YOUR TASK:
From the records below, return every line containing the word "Photo".

SUPPLIED RECORDS:

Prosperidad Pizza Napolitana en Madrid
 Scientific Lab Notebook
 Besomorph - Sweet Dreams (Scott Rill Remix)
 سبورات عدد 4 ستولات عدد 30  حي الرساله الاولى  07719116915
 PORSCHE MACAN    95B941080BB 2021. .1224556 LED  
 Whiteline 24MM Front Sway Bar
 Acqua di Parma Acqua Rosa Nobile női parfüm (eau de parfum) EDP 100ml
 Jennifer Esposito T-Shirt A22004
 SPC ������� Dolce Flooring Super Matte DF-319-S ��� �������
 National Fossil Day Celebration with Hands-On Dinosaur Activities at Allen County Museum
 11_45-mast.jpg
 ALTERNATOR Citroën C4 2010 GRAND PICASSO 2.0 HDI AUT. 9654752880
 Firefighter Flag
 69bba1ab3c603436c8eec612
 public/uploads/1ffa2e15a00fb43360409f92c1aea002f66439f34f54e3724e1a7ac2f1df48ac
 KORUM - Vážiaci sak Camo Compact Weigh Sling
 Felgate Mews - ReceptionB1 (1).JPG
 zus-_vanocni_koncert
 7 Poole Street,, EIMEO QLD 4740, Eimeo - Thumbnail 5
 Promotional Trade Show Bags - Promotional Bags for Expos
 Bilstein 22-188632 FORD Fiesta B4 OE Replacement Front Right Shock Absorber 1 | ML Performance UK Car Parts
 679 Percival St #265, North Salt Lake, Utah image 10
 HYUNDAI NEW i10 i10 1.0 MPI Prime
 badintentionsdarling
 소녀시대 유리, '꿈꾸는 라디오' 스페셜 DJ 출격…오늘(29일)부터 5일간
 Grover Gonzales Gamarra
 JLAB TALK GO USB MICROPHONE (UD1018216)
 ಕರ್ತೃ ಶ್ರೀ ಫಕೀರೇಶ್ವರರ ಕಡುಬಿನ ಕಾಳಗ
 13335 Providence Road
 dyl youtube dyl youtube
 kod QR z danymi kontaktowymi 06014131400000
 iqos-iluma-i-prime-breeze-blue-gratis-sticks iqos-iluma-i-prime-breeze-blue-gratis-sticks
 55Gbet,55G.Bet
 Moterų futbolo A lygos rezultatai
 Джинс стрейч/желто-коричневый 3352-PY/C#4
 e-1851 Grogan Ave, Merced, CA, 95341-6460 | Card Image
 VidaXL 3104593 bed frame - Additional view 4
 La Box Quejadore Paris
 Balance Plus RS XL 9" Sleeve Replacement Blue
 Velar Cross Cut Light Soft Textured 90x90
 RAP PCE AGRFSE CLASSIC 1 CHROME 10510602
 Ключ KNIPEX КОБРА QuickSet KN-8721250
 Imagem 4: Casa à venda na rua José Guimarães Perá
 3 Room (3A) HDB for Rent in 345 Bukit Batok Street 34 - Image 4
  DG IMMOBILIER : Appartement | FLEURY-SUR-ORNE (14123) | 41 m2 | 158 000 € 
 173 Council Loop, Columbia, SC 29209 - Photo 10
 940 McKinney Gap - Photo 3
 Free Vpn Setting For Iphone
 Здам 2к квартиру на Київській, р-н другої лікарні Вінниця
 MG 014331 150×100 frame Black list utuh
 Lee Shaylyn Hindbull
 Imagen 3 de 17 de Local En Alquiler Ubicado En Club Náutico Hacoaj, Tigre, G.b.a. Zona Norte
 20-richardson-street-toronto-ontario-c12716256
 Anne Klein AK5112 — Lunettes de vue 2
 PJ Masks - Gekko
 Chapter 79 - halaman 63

TASK OUTPUT:
 173 Council Loop, Columbia, SC 29209 - Photo 10
 940 McKinney Gap - Photo 3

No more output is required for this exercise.